[Materials provided]
------------------------------------------------

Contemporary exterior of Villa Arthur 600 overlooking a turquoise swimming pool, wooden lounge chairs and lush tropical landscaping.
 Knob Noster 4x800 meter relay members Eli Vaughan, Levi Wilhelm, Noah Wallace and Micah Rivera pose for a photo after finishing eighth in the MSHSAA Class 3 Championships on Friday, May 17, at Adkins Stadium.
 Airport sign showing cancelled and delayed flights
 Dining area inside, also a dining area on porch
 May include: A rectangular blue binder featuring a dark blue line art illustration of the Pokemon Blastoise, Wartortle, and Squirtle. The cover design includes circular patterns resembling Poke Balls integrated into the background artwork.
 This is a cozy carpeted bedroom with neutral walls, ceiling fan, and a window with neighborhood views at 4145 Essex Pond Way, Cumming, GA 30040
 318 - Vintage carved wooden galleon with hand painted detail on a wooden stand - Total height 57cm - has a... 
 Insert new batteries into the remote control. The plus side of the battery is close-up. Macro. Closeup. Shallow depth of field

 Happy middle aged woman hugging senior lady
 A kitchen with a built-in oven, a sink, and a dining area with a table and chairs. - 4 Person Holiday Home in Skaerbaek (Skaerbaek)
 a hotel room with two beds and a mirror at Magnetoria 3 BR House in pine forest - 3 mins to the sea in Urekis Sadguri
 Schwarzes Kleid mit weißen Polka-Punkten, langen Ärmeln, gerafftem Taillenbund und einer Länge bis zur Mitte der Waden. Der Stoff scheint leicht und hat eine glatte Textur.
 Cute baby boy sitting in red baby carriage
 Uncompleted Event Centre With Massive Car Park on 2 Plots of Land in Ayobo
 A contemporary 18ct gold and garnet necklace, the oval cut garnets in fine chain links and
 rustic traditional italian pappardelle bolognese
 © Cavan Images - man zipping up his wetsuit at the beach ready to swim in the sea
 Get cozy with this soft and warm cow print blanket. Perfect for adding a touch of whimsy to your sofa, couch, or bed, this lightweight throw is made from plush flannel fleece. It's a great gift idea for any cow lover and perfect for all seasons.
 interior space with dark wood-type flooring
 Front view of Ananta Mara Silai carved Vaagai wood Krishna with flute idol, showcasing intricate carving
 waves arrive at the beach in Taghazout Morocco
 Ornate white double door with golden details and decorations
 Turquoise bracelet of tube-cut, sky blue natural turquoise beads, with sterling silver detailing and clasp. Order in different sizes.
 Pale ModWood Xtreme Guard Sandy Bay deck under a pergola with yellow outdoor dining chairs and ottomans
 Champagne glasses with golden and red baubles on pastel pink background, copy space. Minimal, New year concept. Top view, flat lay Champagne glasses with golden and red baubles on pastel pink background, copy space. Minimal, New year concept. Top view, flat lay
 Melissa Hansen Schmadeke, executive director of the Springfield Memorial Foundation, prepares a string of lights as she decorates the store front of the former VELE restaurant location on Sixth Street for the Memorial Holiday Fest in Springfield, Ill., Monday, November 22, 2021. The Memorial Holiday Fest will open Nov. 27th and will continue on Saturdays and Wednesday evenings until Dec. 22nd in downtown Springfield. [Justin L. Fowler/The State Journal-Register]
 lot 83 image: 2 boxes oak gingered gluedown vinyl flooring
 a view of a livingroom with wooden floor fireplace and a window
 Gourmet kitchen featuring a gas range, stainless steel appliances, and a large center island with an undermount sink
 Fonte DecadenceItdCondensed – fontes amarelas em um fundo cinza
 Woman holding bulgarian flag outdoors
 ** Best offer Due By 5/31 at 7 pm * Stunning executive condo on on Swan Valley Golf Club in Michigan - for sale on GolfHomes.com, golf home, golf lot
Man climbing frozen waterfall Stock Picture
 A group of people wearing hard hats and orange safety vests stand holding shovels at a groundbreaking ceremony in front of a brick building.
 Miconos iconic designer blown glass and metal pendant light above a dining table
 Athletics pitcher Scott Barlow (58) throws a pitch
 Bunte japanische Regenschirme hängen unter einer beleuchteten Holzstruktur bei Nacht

------------------------------------------------

[Directions for this task]
Every record above should be copied exactly.

[Answer]
Contemporary exterior of Villa Arthur 600 overlooking a turquoise swimming pool, wooden lounge chairs and lush tropical landscaping.
 Knob Noster 4x800 meter relay members Eli Vaughan, Levi Wilhelm, Noah Wallace and Micah Rivera pose for a photo after finishing eighth in the MSHSAA Class 3 Championships on Friday, May 17, at Adkins Stadium.
 Airport sign showing cancelled and delayed flights
 Dining area inside, also a dining area on porch
 May include: A rectangular blue binder featuring a dark blue line art illustration of the Pokemon Blastoise, Wartortle, and Squirtle. The cover design includes circular patterns resembling Poke Balls integrated into the background artwork.
 This is a cozy carpeted bedroom with neutral walls, ceiling fan, and a window with neighborhood views at 4145 Essex Pond Way, Cumming, GA 30040
 318 - Vintage carved wooden galleon with hand painted detail on a wooden stand - Total height 57cm - has a... 
 Insert new batteries into the remote control. The plus side of the battery is close-up. Macro. Closeup. Shallow depth of field

 Happy middle aged woman hugging senior lady
 A kitchen with a built-in oven, a sink, and a dining area with a table and chairs. - 4 Person Holiday Home in Skaerbaek (Skaerbaek)
 a hotel room with two beds and a mirror at Magnetoria 3 BR House in pine forest - 3 mins to the sea in Urekis Sadguri
 Schwarzes Kleid mit weißen Polka-Punkten, langen Ärmeln, gerafftem Taillenbund und einer Länge bis zur Mitte der Waden. Der Stoff scheint leicht und hat eine glatte Textur.
 Cute baby boy sitting in red baby carriage
 Uncompleted Event Centre With Massive Car Park on 2 Plots of Land in Ayobo
 A contemporary 18ct gold and garnet necklace, the oval cut garnets in fine chain links and
 rustic traditional italian pappardelle bolognese
 © Cavan Images - man zipping up his wetsuit at the beach ready to swim in the sea
 Get cozy with this soft and warm cow print blanket. Perfect for adding a touch of whimsy to your sofa, couch, or bed, this lightweight throw is made from plush flannel fleece. It's a great gift idea for any cow lover and perfect for all seasons.
 interior space with dark wood-type flooring
 Front view of Ananta Mara Silai carved Vaagai wood Krishna with flute idol, showcasing intricate carving
 waves arrive at the beach in Taghazout Morocco
 Ornate white double door with golden details and decorations
 Turquoise bracelet of tube-cut, sky blue natural turquoise beads, with sterling silver detailing and clasp. Order in different sizes.
 Pale ModWood Xtreme Guard Sandy Bay deck under a pergola with yellow outdoor dining chairs and ottomans
 Champagne glasses with golden and red baubles on pastel pink background, copy space. Minimal, New year concept. Top view, flat lay Champagne glasses with golden and red baubles on pastel pink background, copy space. Minimal, New year concept. Top view, flat lay
 Melissa Hansen Schmadeke, executive director of the Springfield Memorial Foundation, prepares a string of lights as she decorates the store front of the former VELE restaurant location on Sixth Street for the Memorial Holiday Fest in Springfield, Ill., Monday, November 22, 2021. The Memorial Holiday Fest will open Nov. 27th and will continue on Saturdays and Wednesday evenings until Dec. 22nd in downtown Springfield. [Justin L. Fowler/The State Journal-Register]
 lot 83 image: 2 boxes oak gingered gluedown vinyl flooring
 a view of a livingroom with wooden floor fireplace and a window
 Gourmet kitchen featuring a gas range, stainless steel appliances, and a large center island with an undermount sink
 Fonte DecadenceItdCondensed – fontes amarelas em um fundo cinza
 Woman holding bulgarian flag outdoors
 ** Best offer Due By 5/31 at 7 pm * Stunning executive condo on on Swan Valley Golf Club in Michigan - for sale on GolfHomes.com, golf home, golf lot
Man climbing frozen waterfall Stock Picture
 A group of people wearing hard hats and orange safety vests stand holding shovels at a groundbreaking ceremony in front of a brick building.
 Miconos iconic designer blown glass and metal pendant light above a dining table
 Athletics pitcher Scott Barlow (58) throws a pitch
 Bunte japanische Regenschirme hängen unter einer beleuchteten Holzstruktur bei Nacht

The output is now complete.